Esoknya aku sudah siap berangkat kerja di kota. Untuk sebulan kedepan kau tak akan melihatku ada di rumah. Aku selalu buru-buru, karena aku tak betah tinggal di rumah yang tua ini. Aku ingin bekerja dan bebas di luaran.
"Selamat tinggal ibu, aku mau mencari semua kemungkinan. Baik-baik di rumah," pesanku menjauh dari rumah.
Kau mengirimku surat, dan aku baca. Kau menderita sakit parah. Dalam surat itu kau selipkan beberapa rupiah, dengan pesan untuk menambah keperluanku di sini.
Aku lupa tidak memberi tahumu nomor kontak terbaru, sehingga kau kesulitan untuk menghubungiku. Sebuah langkah akhir, kau menyapaku melalui kertas bertuliskan tinta.
Meski dulu dalam pesan singkat, selalu kau yang menanyakan kabarku lebih dulu. Aku selalu jawab seadanya. Aku selalu mengabaikan deringan telpon darimu, karena aku tengah asyik dengan cintaku. Aku jengkel, karena aku selalu kau perlakukan layaknya anak kecil. Aku ganti nomor baru agar aku bisa bebas.
Ibu, aku lupa dengan semuanya. Bagaimana ibu membesarkanku, membimbingku dengan cinta dan kemuliaan. Aku lupa, kau lah yang mengajariku berjalan, menendang bola, memetik bunga sampai kau ajarkan aku untuk meraih gemerlap bintang.
Masa dewasa membuatku terlena, aku melupakan semua jasamu yang dengan segunung emas itu tak akan terbalaskan.
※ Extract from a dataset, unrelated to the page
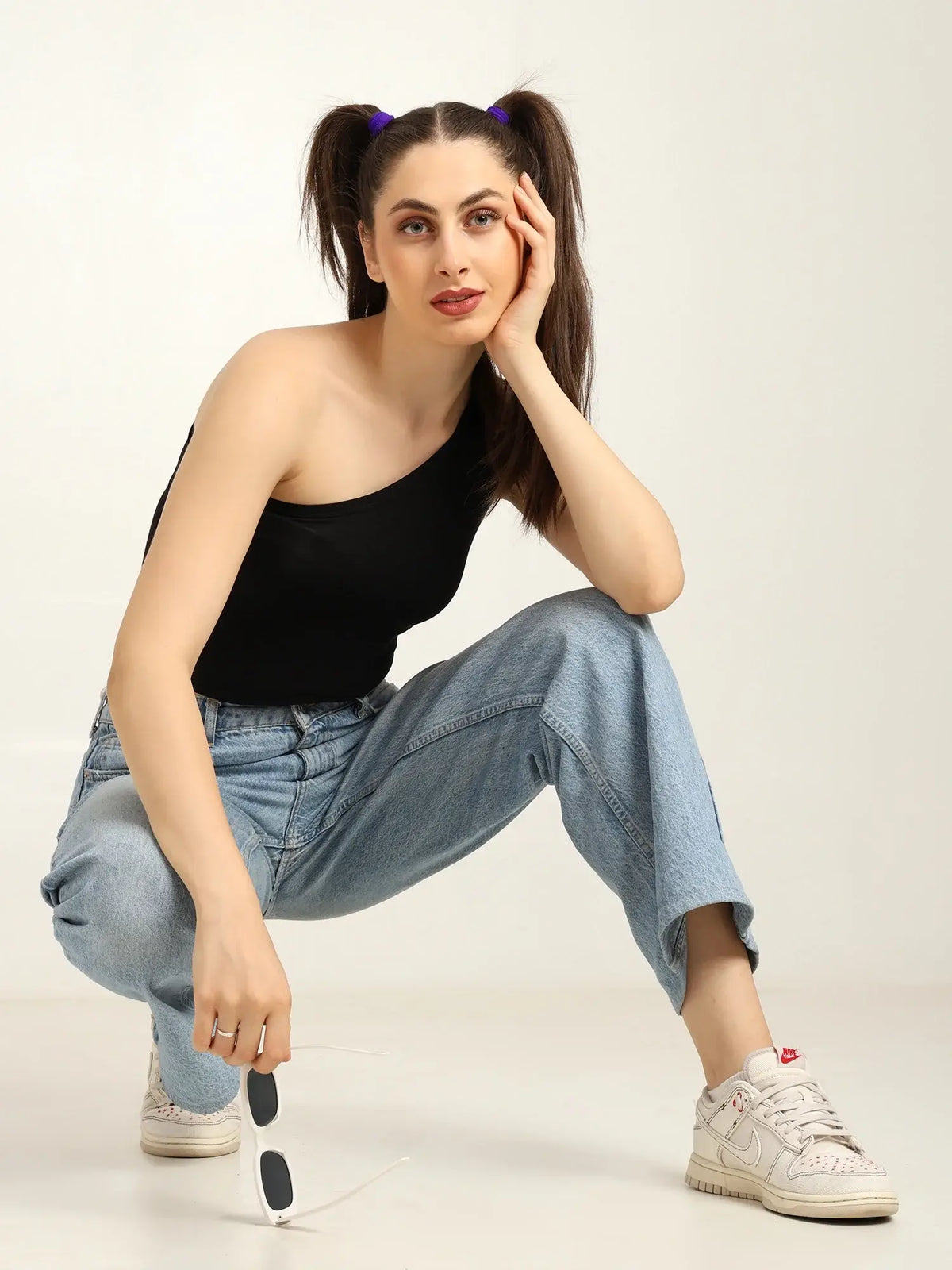 Gen Z woman in a one-shoulder bamboo top and baggy jeans, showcasing effortless style and sustainable fashion.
Ibu... Pangeran dan Puteri Kecilmu ingin kembali. Aku rindu ibu, aku ingin dipeluk ibu, layaknya aku masih bayi dahulu.
Aku rindu do'a-do'amu, aku rindu dekapanmu, aku rindu kasih sayangmu. Maafkan aku ibu, sungguh hina dan penuh dosa anakmu ini. Meninggalkanmu dalam jeratan rindu atasku. Maafkan aku ibu, kau selalu menghabiskan waktu sendirian, di antara alunan kesedihan dan tangisan air mata.
Tangisan ini tentu tak bisa membayar sakit hati dan kerinduanmu selama ini atasku. Penyesalan ini tentu tak mengimpaskan pengorbananmu yang sudah aku nodai.
Jeritan ini tentu tak menggetarkan bumi yang tentu tak meridhoi perlakuanku atasmu. Sampai, jika ajal menjemputku hari ini, penyesalan tiada tara tak akan menghapuskan semua dosa-dosaku atasmu.